Friday, May 24, 2019

Ka-boom

Trump just now gave instructions to declassify documents bearing on abuse of government to obtain FISA warrants to search unlawfully into his campaign, and beyond. He gave instructions to a list of executive departments to declassify information.

He gave instructions for Executive agencies to declassify documents to the extent that they can. Notably these agencies include The Secretary of Energy and the Secretary of the Treasury.

It appears that including the Treasury Department means Trump is having documents declassified regarding Clinton Foundation, or else possibly documents relating to Papadopoulos money tracking or possibly the Committee on Foreign Investment in the United States.

And it appears that including the Energy Department to declassify documents would relate to Uranium One and to Clinton.

This is what observers are hoping.

You might reasonably ask why Trump doesn't simply declassify all these documents himself.

The president has power to declassify documents because he is so often engaged with foreign governments. If the president had to be concerned about his ability to discuss classified intelligence then the president would be hamstrung in doing that. So the laws protect the president so that he can be effective discussing sensitive matters with foreign leaders.

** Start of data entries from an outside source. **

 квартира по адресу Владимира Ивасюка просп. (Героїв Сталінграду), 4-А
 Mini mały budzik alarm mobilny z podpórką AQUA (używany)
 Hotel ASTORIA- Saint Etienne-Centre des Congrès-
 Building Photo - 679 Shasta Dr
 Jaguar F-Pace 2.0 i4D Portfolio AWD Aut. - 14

When it comes to declassifying documents that are deemed in the public interest it is assumed that there is no national security involved. In these cases the process allows review of the documents by the agencies involved.

You can see how it would backfire if Trump declassified them unilaterally. There will already be backlash, it would be a lot worse if Trump did all this himself.

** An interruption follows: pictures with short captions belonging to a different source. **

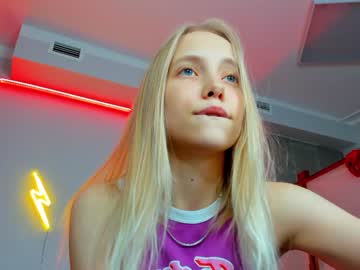 girl
        appr0ved cam image #331377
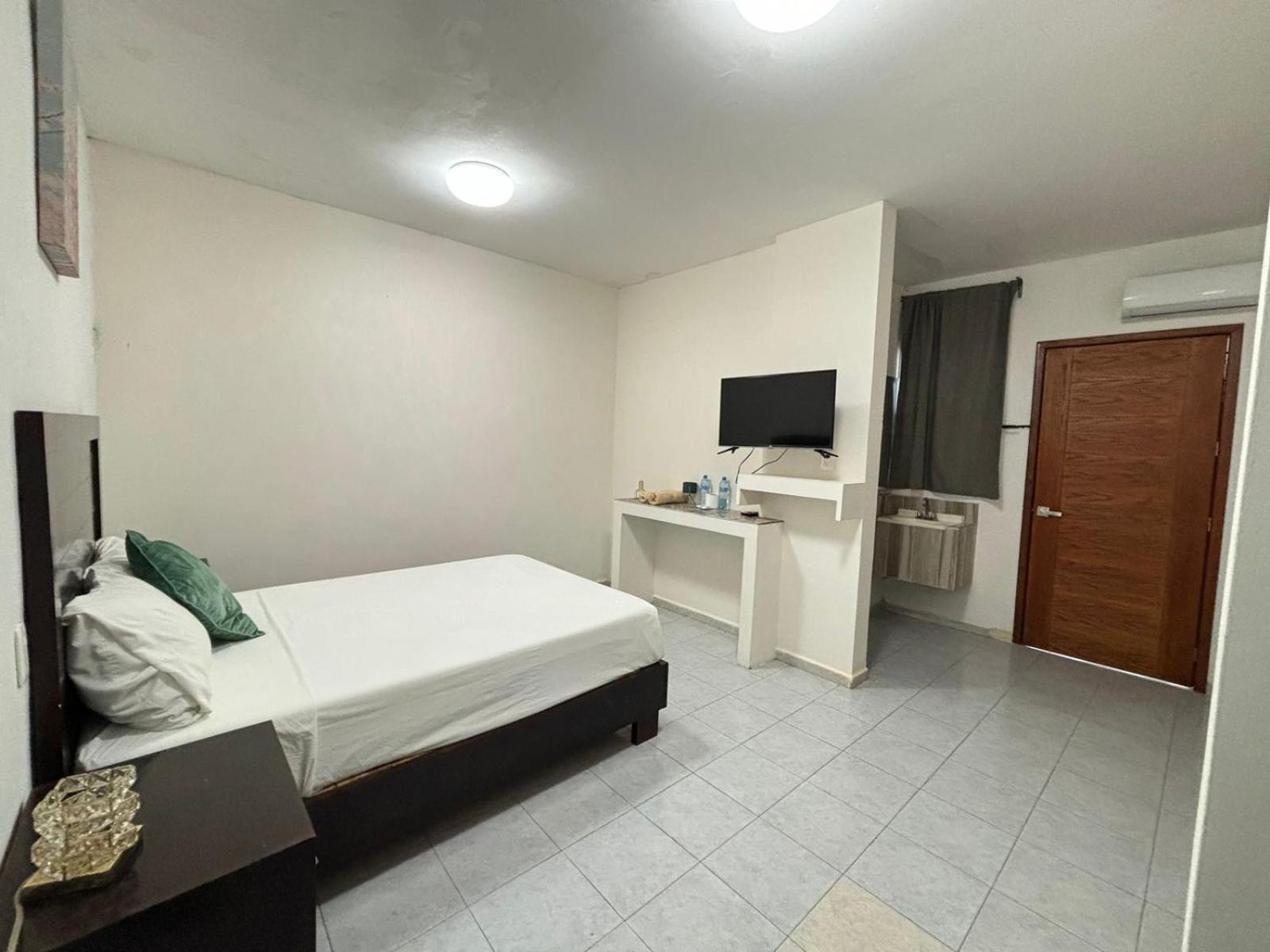 Hotel Awazul Бакалар Екстериор снимка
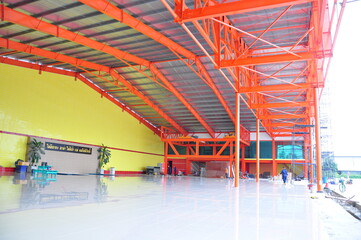 Aircraft hangar construction
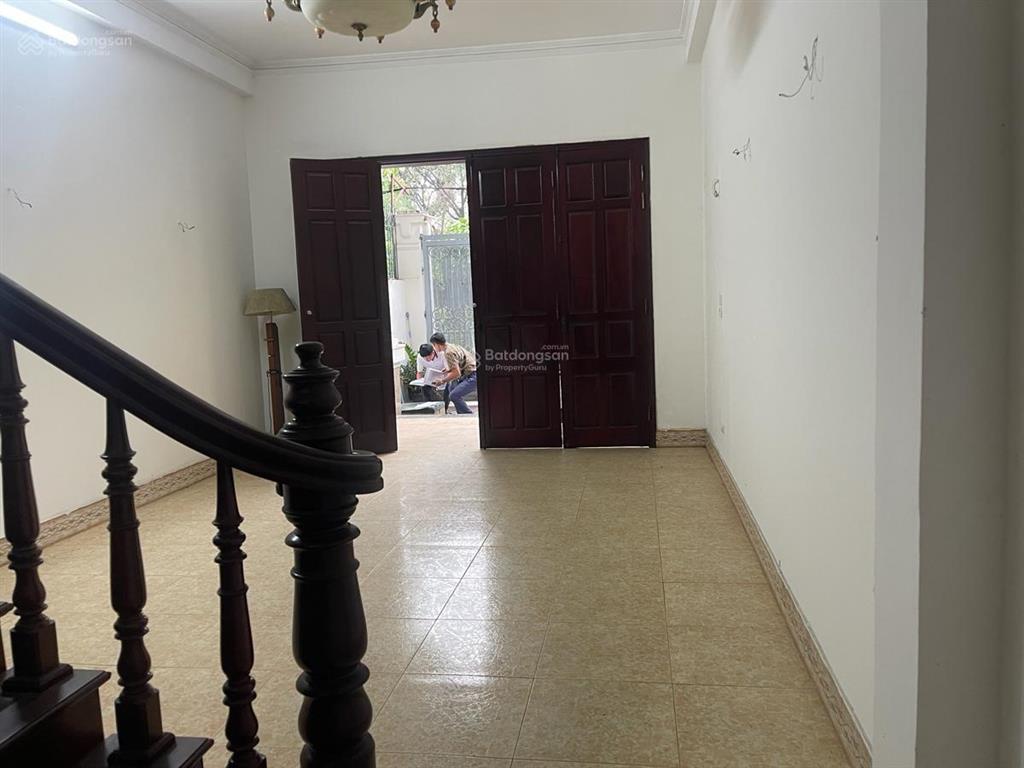 Bán nhà view mặt hồ trung kính, đường trần duy hưng, ô tô vào nhà, 100m2, cực hiếm.  0836 377 ***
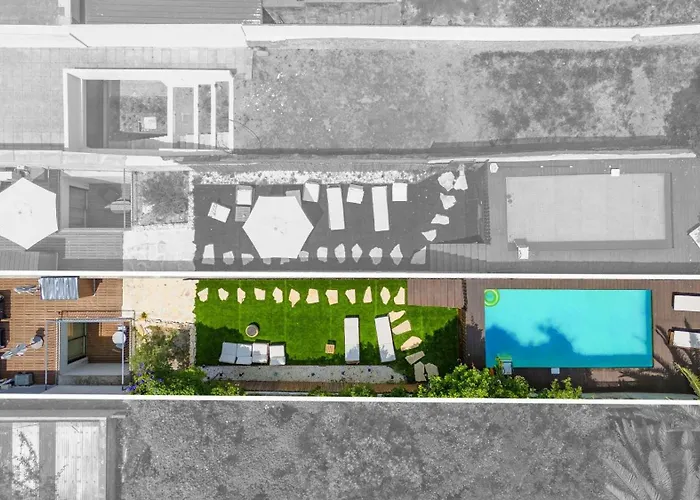 Liiiving In - Pool Paradise Appartement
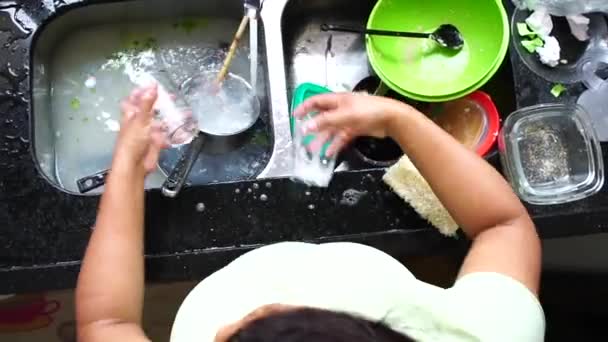 Mujer Lavando Los Platos Pov — Vídeos de Stock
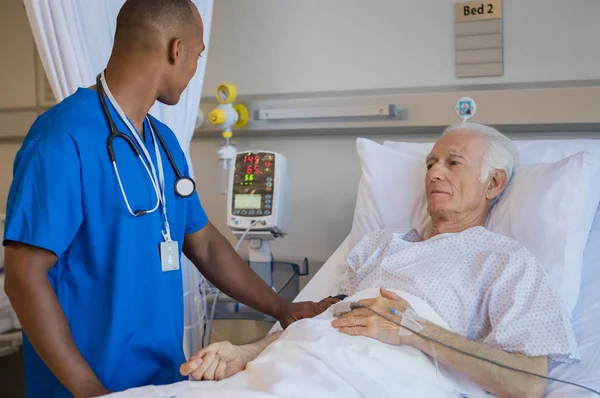 Medico esaminatore uomo anziano — Foto Stock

So Trump has given ownership of this process to Attorney General William Barr. This is to facilitate DOJ review of how the intelligence agencies were used in the 2016 election. Barr is arbiter on points of conflict as Trump was the subject of investigation.

Trump's Memorandum specifies the agencies with documents that the Attorney General will review. The list of agencies gives an idea about the documents they're interested in seeing. With the departments of Energy and Treasury sticking out among them.

* Secretary of State, Pompeo
* Secretary of Treasury, Mnuchin
* Secretary of Defense, Shanahan
* Secretary of Energy, Perry
* Secretary of Homeland Security, McAleenan
* Director of National Intelligence, Coats
* Director of CIA, Haspel

And of course, the Attorney General, William Barr.

The memorandum does not allow Barr to delegate authority.

The timing appears to be to coincide with the release of Inspector General review. Although a lot of information might not have anything to do with IG review, the timing of release of any extraneous documents will be up to William Barr.





We've been waiting for this moment. Now it's here.

Knowing Democrat leaders as we do, observing principals pointing blame at each other as their expensive constructed wearisome narrative crumbles, as they scramble for cover and find themselves cornered we can expect their wild attacks to redouble.

If you expect them to be exposed, to wither and disappear, you'd be wrong. They're all in and they never stop. It's not in them to learn anything except new lines of attack. And it doesn't matter how ridiculous.

If only there was the real threat of being jailed.

1 comment:

edutcher said...

In the immortal words of TE Lawrence, "This is going to be fun".

But the best part is, it also leads to Zippy.

As Jimmy Hatlo used to say, "Then the fun began".